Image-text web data
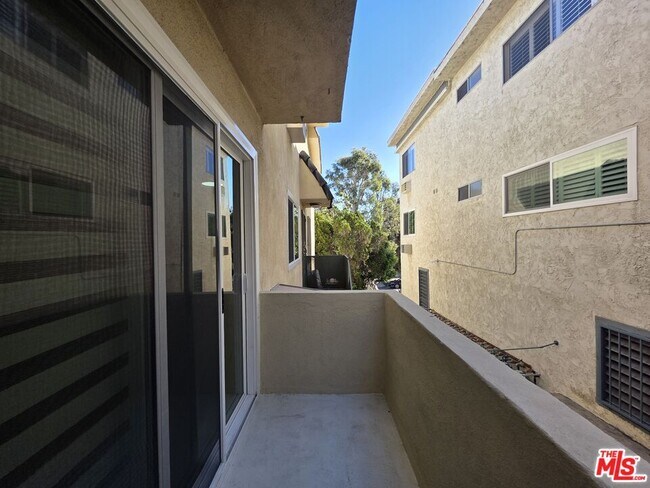 Building Photo - 10815 Rose Ave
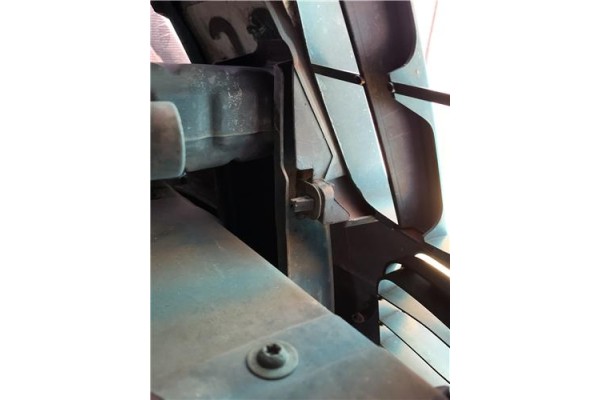 Recambio de refuerzo paragolpes para skoda fabia (5j2) 1.4 tdi referencia OEM IAM 5J0807109B  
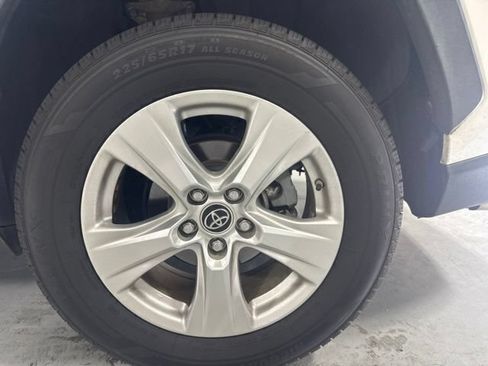 Used 2019 Toyota RAV4 XLE w/ Convenience Package FWD image 9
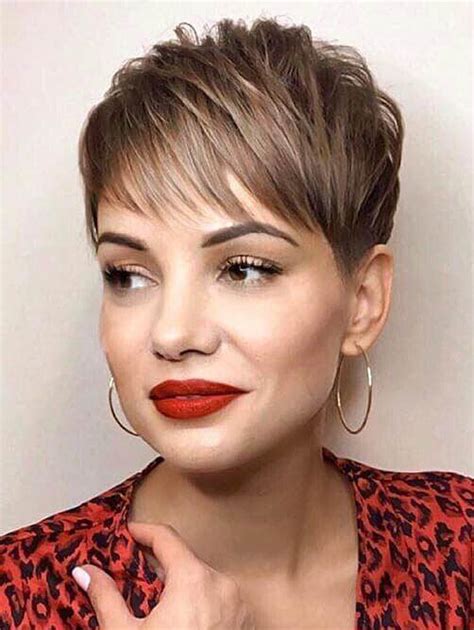 14 Trending Short Haircuts 2021 Women Are Getting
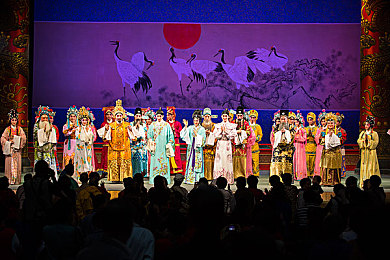 新疆军人裸体男gayboys军人性：钢铁战魂边疆守护者，硬核战术与战友羁绊的深度交织-5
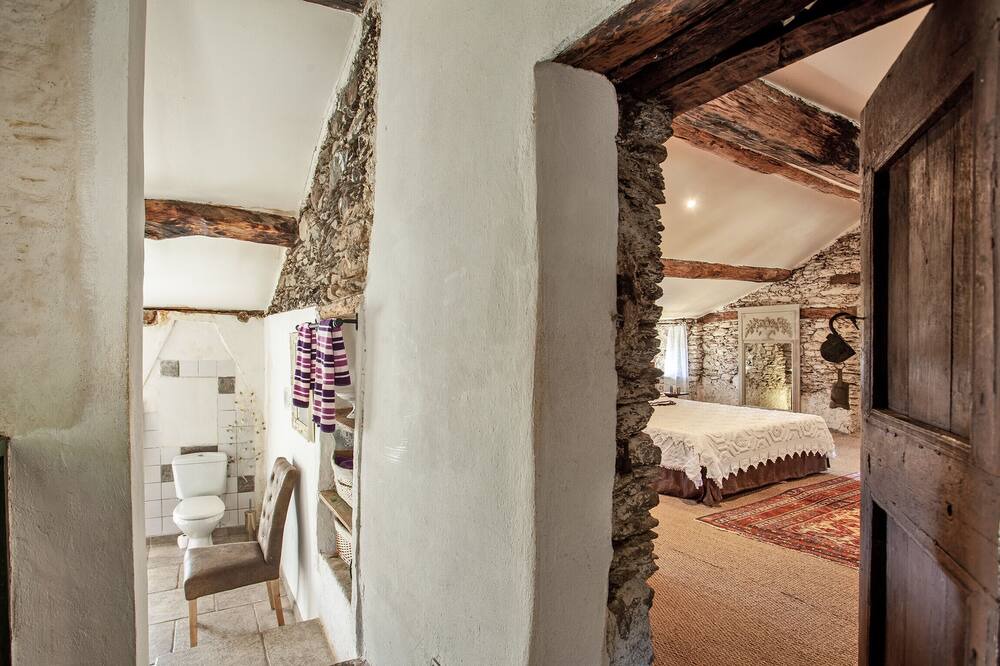 Photo of Bathroom in Sisco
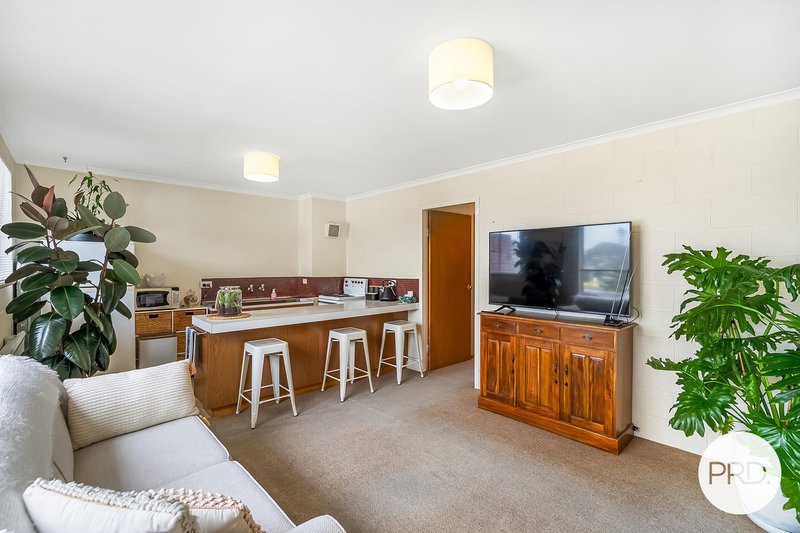 Photo - 5/8 Beltana Street, Lindisfarne TAS 7015 - Image 8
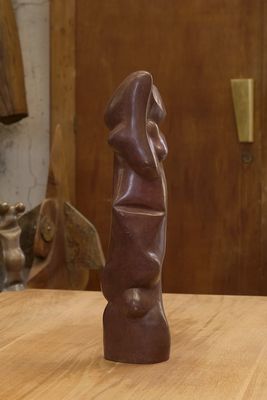 une sculpture en chocolat posée sur une table en bois dans une pièce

■ **Required action**
Your task is to repeat the data above exactly while excluding the pictures.

■ **Response**
 Building Photo - 10815 Rose Ave
 Recambio de refuerzo paragolpes para skoda fabia (5j2) 1.4 tdi referencia OEM IAM 5J0807109B  
 Used 2019 Toyota RAV4 XLE w/ Convenience Package FWD image 9
 14 Trending Short Haircuts 2021 Women Are Getting
 新疆军人裸体男gayboys军人性：钢铁战魂边疆守护者，硬核战术与战友羁绊的深度交织-5
 Photo of Bathroom in Sisco
 Photo - 5/8 Beltana Street, Lindisfarne TAS 7015 - Image 8
 une sculpture en chocolat posée sur une table en bois dans une pièce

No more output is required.